What is being asked:
Among the entries below, only the lines from the one with "Dinky Army Field" through the one with "23016 Sanabria LOOP-11" are to be retyped, exactly and without pictures.

Working data:

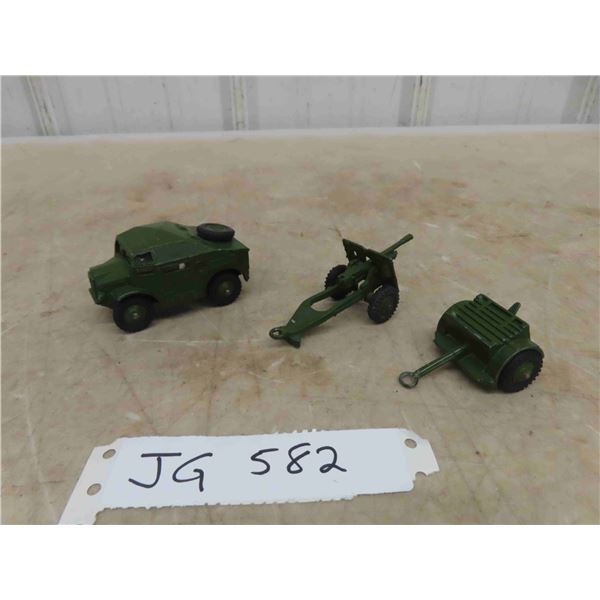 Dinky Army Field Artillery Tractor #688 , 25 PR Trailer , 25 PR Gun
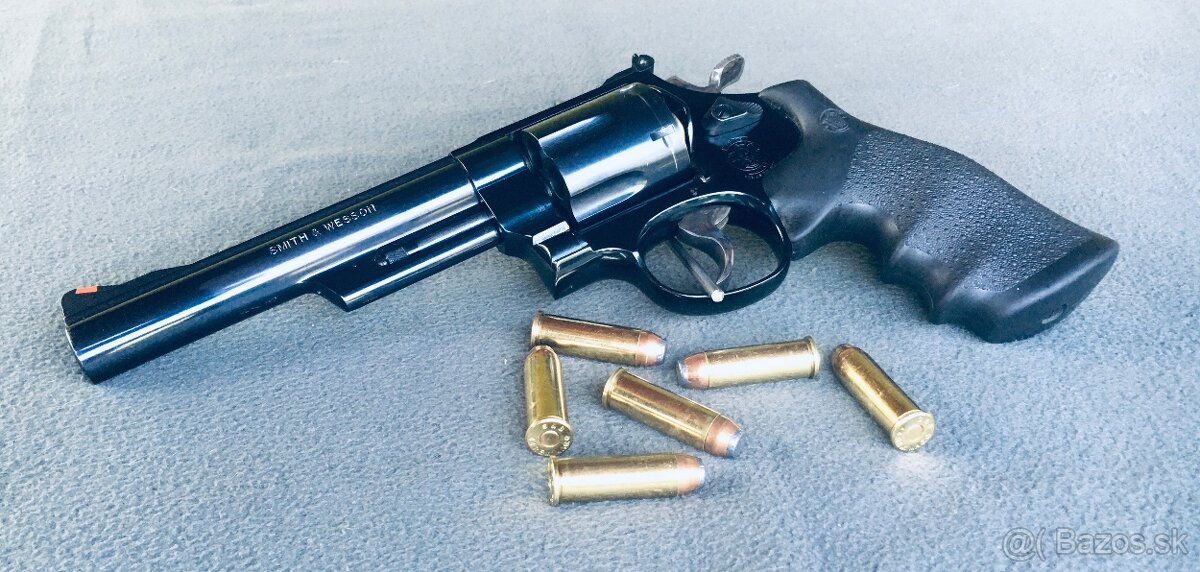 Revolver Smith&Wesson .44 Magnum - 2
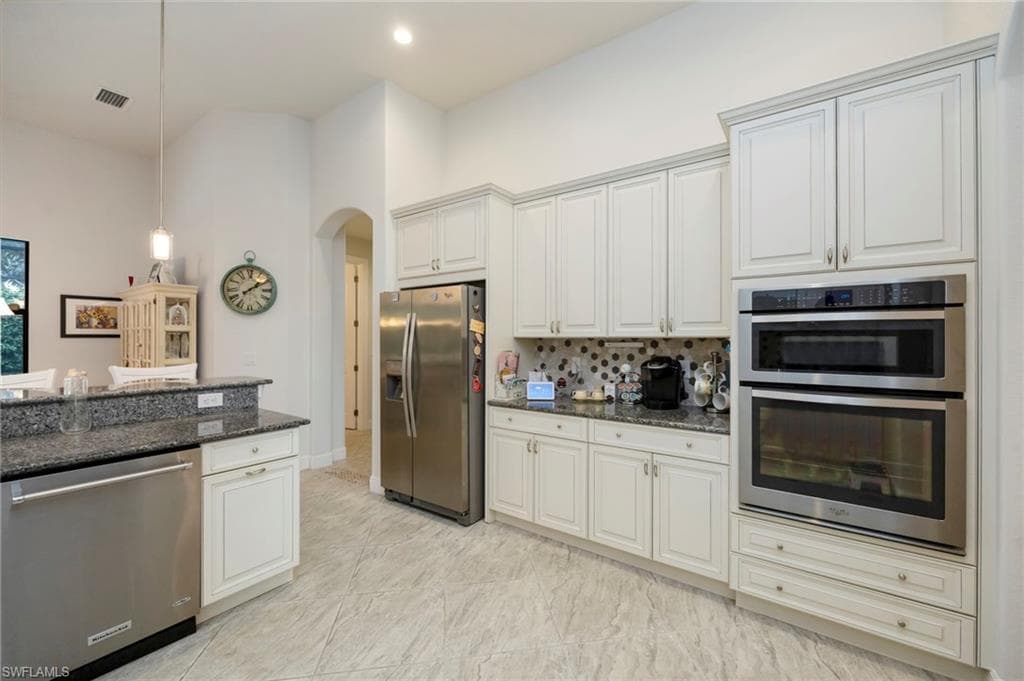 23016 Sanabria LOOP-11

...

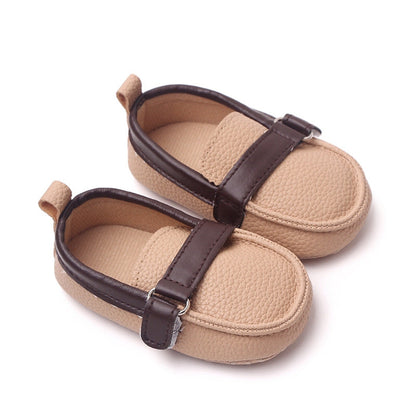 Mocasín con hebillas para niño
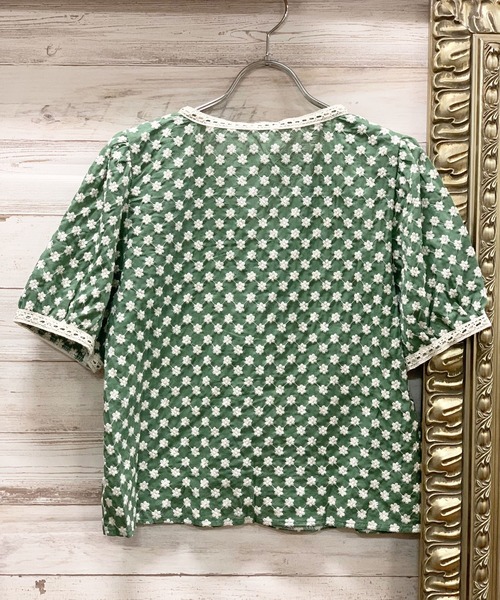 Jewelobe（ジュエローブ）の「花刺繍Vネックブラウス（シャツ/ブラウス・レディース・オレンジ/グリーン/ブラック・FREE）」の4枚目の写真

Answer to the exercise:
 Dinky Army Field Artillery Tractor #688 , 25 PR Trailer , 25 PR Gun
 Revolver Smith&Wesson .44 Magnum - 2
 23016 Sanabria LOOP-11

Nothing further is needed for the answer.